• _Your task_:
Write out all the data verbatim. Skip images.

Records excerpted from a collection:
Content starts
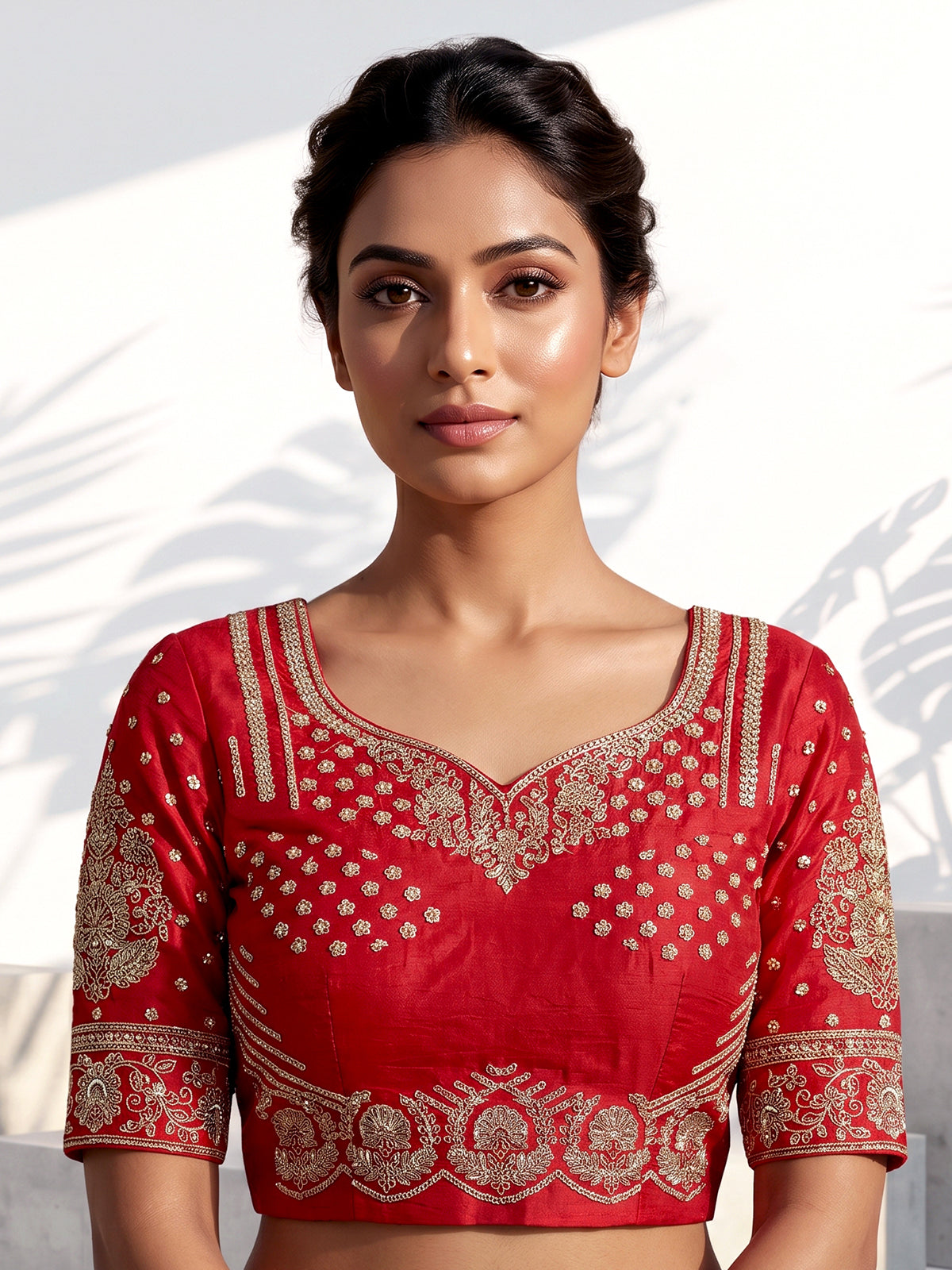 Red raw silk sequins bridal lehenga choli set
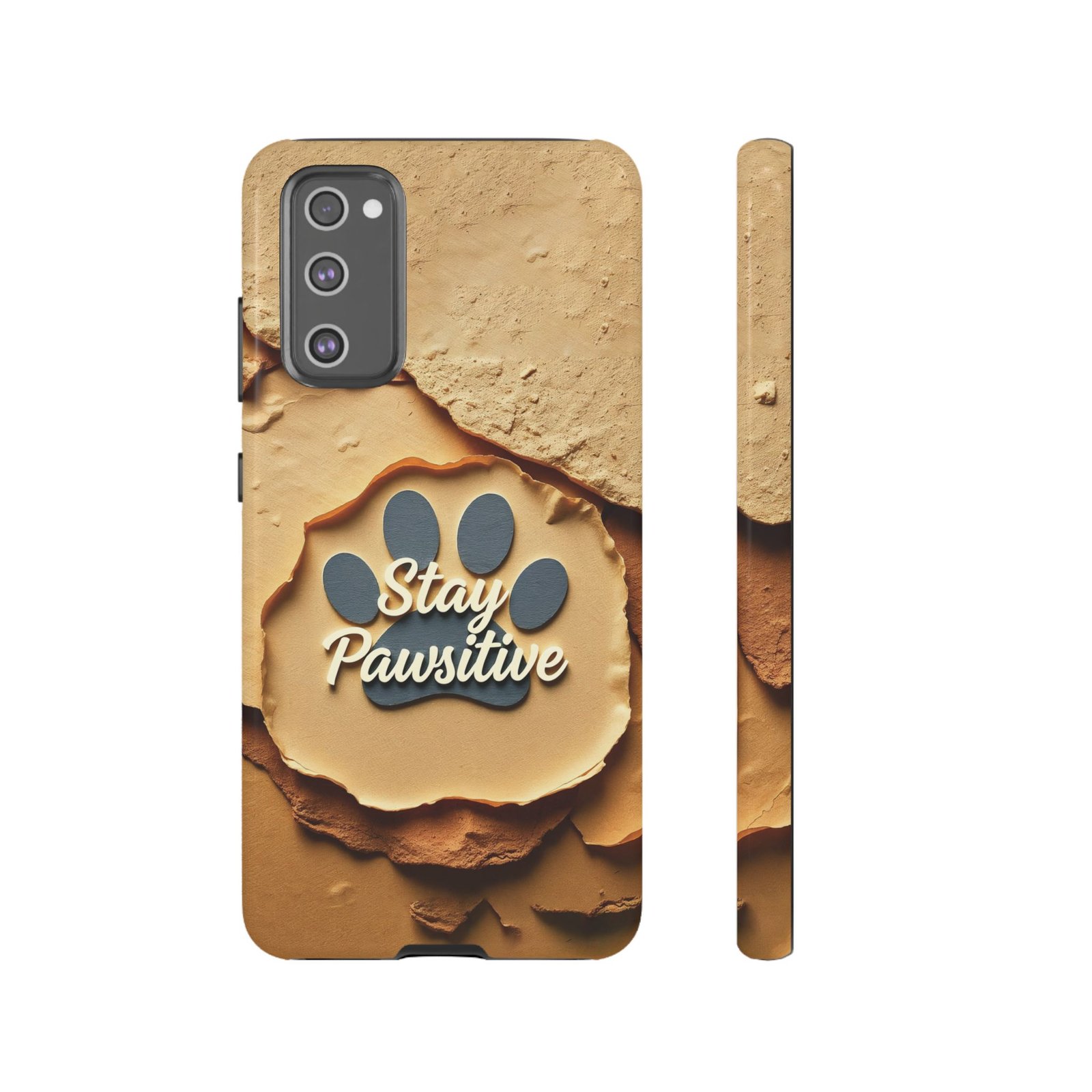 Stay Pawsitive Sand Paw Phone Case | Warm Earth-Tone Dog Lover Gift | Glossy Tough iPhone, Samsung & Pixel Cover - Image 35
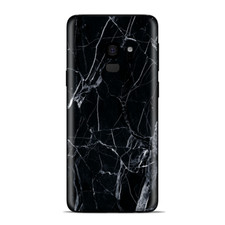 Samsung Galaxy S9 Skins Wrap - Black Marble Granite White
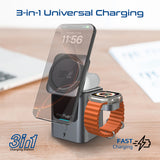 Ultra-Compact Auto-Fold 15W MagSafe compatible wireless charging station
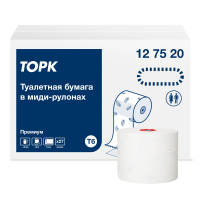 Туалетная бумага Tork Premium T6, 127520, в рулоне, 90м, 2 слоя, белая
Content ends
• _Expected output_:
 Red raw silk sequins bridal lehenga choli set
 Stay Pawsitive Sand Paw Phone Case | Warm Earth-Tone Dog Lover Gift | Glossy Tough iPhone, Samsung & Pixel Cover - Image 35
 Samsung Galaxy S9 Skins Wrap - Black Marble Granite White
 Ultra-Compact Auto-Fold 15W MagSafe compatible wireless charging station
 Туалетная бумага Tork Premium T6, 127520, в рулоне, 90м, 2 слоя, белая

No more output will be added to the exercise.